- _EXERCISE OBJECTIVE_
Check each line of the entries for the string "Used". Report only how many lines have it.

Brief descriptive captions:
^^^^
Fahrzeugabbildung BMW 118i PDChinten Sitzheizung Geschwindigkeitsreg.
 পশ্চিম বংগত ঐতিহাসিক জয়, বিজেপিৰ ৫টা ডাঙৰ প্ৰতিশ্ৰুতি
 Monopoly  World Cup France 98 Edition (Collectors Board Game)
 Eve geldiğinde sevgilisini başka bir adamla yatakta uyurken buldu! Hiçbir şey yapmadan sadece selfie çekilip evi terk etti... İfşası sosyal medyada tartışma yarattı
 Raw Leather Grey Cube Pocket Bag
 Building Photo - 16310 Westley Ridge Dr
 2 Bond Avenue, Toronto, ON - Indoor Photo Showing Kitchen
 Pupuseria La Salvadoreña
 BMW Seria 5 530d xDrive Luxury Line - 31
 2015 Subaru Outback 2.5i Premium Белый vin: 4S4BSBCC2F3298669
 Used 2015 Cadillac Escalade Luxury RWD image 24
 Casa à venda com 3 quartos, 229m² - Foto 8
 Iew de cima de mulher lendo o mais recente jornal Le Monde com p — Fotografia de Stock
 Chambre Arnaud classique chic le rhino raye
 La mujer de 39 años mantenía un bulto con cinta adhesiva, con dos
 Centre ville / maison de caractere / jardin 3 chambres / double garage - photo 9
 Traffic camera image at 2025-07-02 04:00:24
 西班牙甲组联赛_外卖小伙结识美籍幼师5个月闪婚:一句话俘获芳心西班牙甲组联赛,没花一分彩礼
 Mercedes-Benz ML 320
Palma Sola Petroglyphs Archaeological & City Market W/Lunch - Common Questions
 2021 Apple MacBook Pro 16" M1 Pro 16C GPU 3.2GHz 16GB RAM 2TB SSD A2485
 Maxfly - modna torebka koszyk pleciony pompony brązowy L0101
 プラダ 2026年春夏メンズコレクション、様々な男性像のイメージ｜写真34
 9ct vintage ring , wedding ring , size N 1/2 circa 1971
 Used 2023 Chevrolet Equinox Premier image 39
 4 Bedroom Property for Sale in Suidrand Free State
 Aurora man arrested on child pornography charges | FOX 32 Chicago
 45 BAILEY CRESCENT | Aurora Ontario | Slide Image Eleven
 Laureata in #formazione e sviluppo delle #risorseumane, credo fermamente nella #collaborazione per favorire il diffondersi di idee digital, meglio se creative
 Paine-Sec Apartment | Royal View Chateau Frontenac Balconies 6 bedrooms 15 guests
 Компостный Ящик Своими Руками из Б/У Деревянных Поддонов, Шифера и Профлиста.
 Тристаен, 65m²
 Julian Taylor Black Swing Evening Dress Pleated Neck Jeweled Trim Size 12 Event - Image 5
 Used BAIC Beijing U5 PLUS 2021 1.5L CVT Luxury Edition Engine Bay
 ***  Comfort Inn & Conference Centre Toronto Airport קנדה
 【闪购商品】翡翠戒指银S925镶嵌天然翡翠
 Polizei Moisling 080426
^^^^
- _ANSWER SECTION_
3